PL: Well, you likely haven’t been exposed to the dishes in the book because they’re actually Indian home cooking. Most Indian restaurants in the West specialize in northwestern Indian — or Punjab — food. Partly because of the climate there [Punjab straddles the boarder between India and Pakistan], Punjabi food is heavier. It has cream and butter and a lot of sauces with meat. And because it is such a poor country, the people’s use of a lot of fat in their cooking is a way of being hospitable to guests, lavishing upon them the way that a French chef might lavish fois gras as a delicacy. Mind you, I love Punjabi food and I do make Punjabi dishes, but I can’t eat that way every day. For instance, I love samosas, but instead of potato samosas, I make a minced curry chicken variation. That’s something that the Indians brought over to Bali, incidentally. I don’t use a lot of cream. I use coconut milk, or non-fat yogurt. That said, Tangy, Tart, Hot and Sweet is not low-fat [laughs]. You’ll see a lot of things like Moroccan Bastilla, a phyllo pastry drenched in butter, chocolate amaretto ice cream and honeycomb and fig ice cream. Then there’s chili honey butter, which is exactly that.
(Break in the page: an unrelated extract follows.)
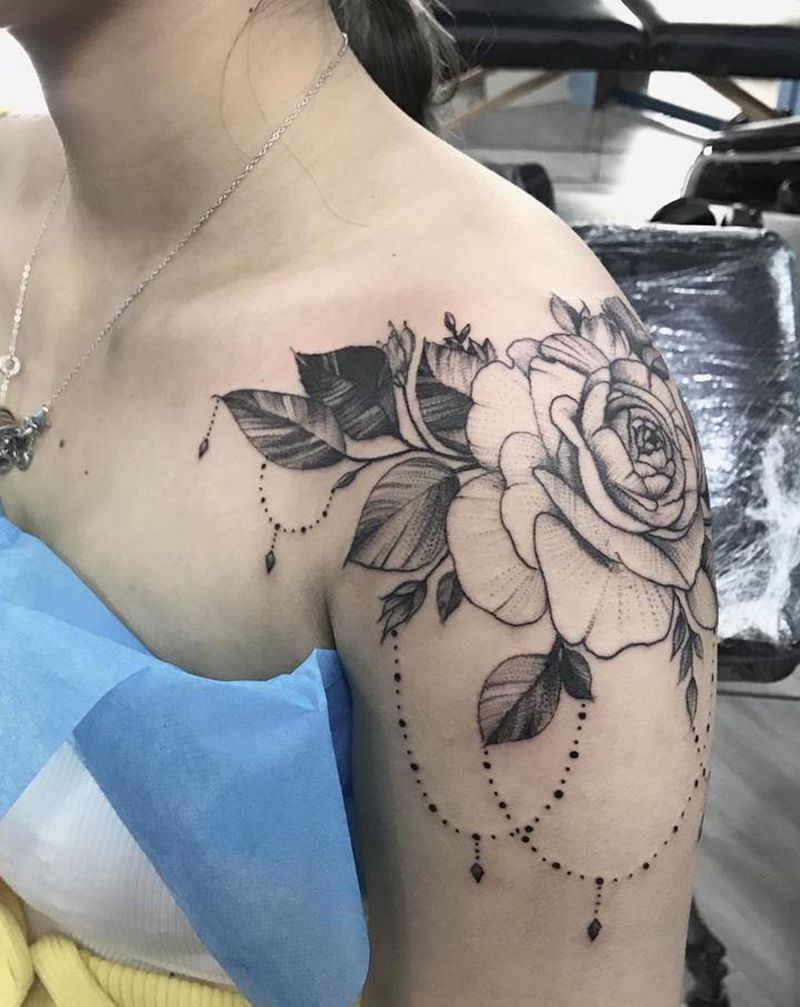 肩花纹身图片_肩部胸部图腾点刺纹身图案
I just can’t keep it in the fridge anymore because every time I laid eyes on it, I wanted to spread it on something, whether it was toast or …
INDUSTRY: Yeah, it would be more like a dip for me.
PL: [laughs] Oh yeah … so there’s’ lots of thing like that. Crab cakes with green, hot Serrano chilies and cilantro and dried green mango powder. There are taquitoes with wild mushroom and goat cheese that you dip in a mint dipping sauce. There’s also Mexican stuffed ancho chilies — sun-dried chilies with ground beef stuffed into them. So there’s really something for every palate. One of my favorites is a classic beef brisket done with Barolo; a recipe called Brissato a Barolo, which is wrapped in pancetta or bacon and slow cooked for six hours, after soaking it in Barolo for about two days. And there’s this incredible Kashmiri dish called koste, which is very classically Indian and it’s basically minced lamb meatballs that are simmering in a spinach and cream sauce.
INDUSTRY: What’s you desert island food? If you could have only have one thing forever?
PL: It’d have to be Thai … something like green curry chicken.
INDUSTRY: And wine. What are your favorites these days?
PL: I like Italian wines a lot. I like French wines, but I’m not as knowledgeable about them as I should be. Tignanello is a real favorite. It’s a very heavy full-bodied, rich wine. It’s like a Dolcetto. I also like Brunellos, those kinds of deep, beautiful wines.
INDUSTRY: It’s actually great to hear recipes involving a bit of richness again. If I read one more soy and pea pod homage …
PL: In measured doses, indulgence is fine. No … it’s mandatory. So much about eating is steeped in control and guilt and regret. To hell with that. Sometimes you just need to eat the riches food in the world.